Once the forensics unit from the state had arrived on scene around 2:00 a.m., Ross had coordinated the search for more remains. It hadn’t taken long and by three, they’d found badly decomposed bones near the area where Jess had discovered the skull.
Now, the remains were on their way to the state’s lab for testing while Campbell and Patrick Forbes, one of the department’s part-time officers, packed up the spotlights. Sergeant James Meade, a middle-aged man with thinning hair and a perpetual jovial expression that hid what Ross had already deduced was a keen cop’s mind, stood talking with Sullivan by the still-smoldering ashes of last night’s fire.
Ross lifted his hand, indicating he was leaving. Meade, taking a sip from his take-out cup of coffee, nodded. Sullivan kept her gaze on the ground. With his free hand, Ross pulled his cell phone from his pocket and hit speed dial. Jess’s phone rang. And rang. He tucked the phone between his ear and shoulder and opened his car door, tossed the evidence bag onto the seat.
His call went to voice mail. “It’s me,” he said. “Call me.”
Not that she would. Ever since he’d been granted custody of his niece, she’d been nothing if not steadfast in her determination to do anything and everything in her power to make his life more difficult.
He glanced back at Sullivan. Sort of like someone else he knew.
He just hoped neither one ever figured out what a good job they were doing of it.
He tried the house phone. No answer. Damn it. He needed to get the necklace they’d found near the body—the one piece of concrete evidence they had—back to the station so it could be processed. He could ask Meade to do it. Or, he could bite the bullet and do what he should’ve done in the first place.
“Sullivan?” he called. “Do you have a minute?”
“Can it wait until we get back to the station, Chief?”
Christ, but nothing was easy with her. Not even a simple request. “No, Captain, it can’t.”
Her mouth thinned but after saying something to Meade, she started toward Ross, taking her sweet time getting there. He bit back on his impatience. His edginess. Edginess she caused with her constant antagonism and smart-ass mouth. With her slow, saunter and the determined, confrontational glint in her hazel eyes.

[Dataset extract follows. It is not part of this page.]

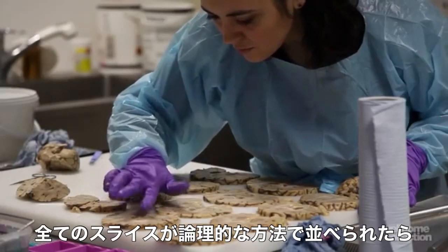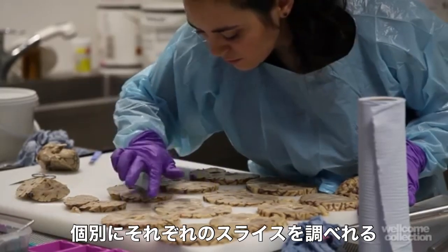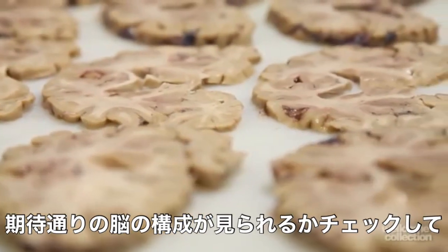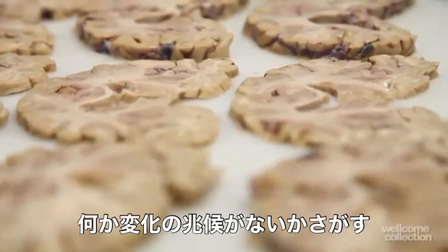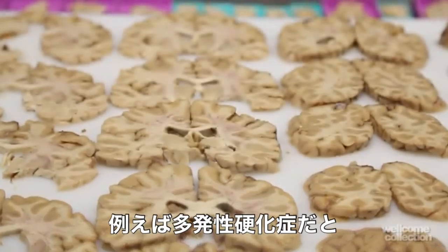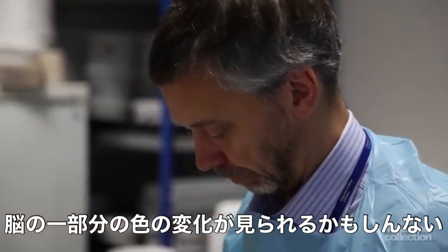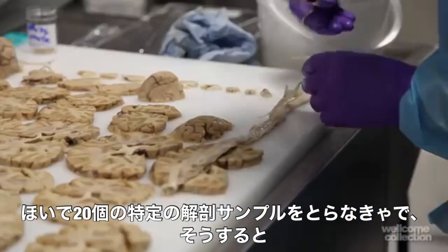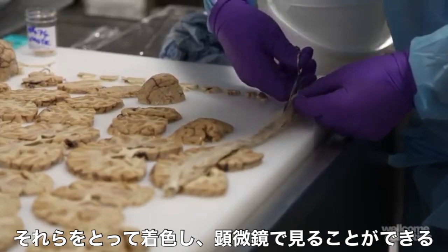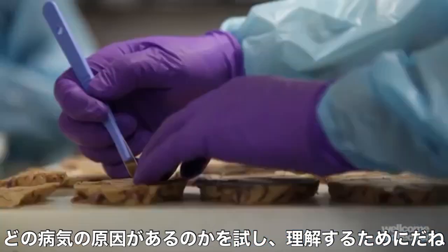When all these slices are laid out in a logical fashion, you can inspect each slice individually, working from the front to the back of the brain, just checking that all the structures are as you would expect them to be. Looking for any signs of change — whether it be in multiple sclerosis, for example, where there may be changes in the colour of parts of the brain. We then have to sample 20 specific anatomical areas to allow us to take them away to be stained and look at them down the microscope.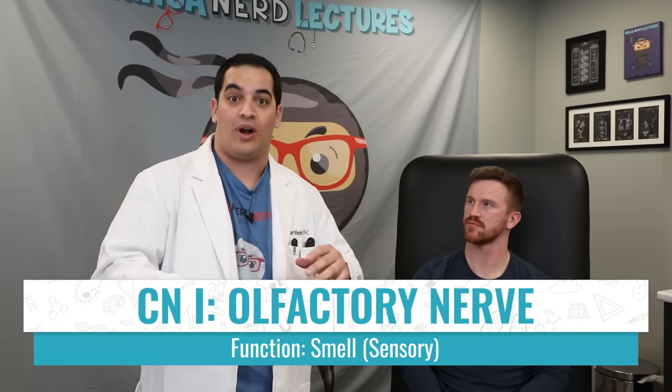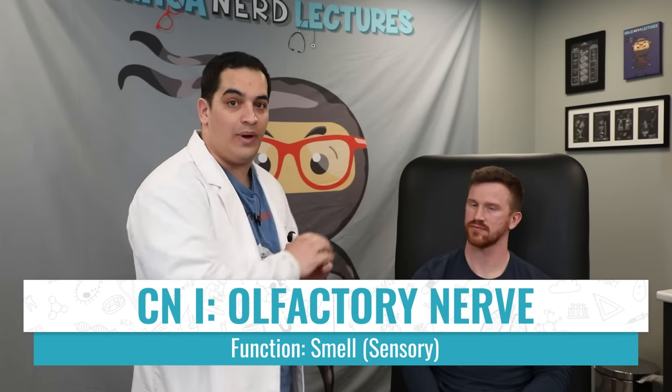When we're doing a cranial nerve exam, it's important to remember that we have a total of 12 cranial nerves. We're going to start from cranial nerve 1 and work our way down to cranial nerve 12. The first cranial nerve we'll evaluate is the olfactory nerve, whose function is primarily smell or olfaction. First I need to make sure that the patient's nasal passages are patent — no obstruction that could alter the reliability of my test. I'll have him plug one nostril and breathe in and out through the nose.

Her dark ponytail swung behind her, the light blue, MPPD-issued windbreaker she’d put on at some point during the past four hours blowing open over her uniform. Showing the sway of her hips, how her breasts bounced under the loose material.
Interest, male and elemental, stirred. He hissed out a breath through his teeth. Shit. He must be more tired than he thought.
“Yes?” she said when she finally reached him, her tone belligerent, dark circles under her eyes.
“Jessica’s not answering her phone.”
She raised her eyebrows. “You let her have her phone back?”
Warmth crawled up his neck. He refused to call it embarrassment. “So I could get ahold of her. Yes.”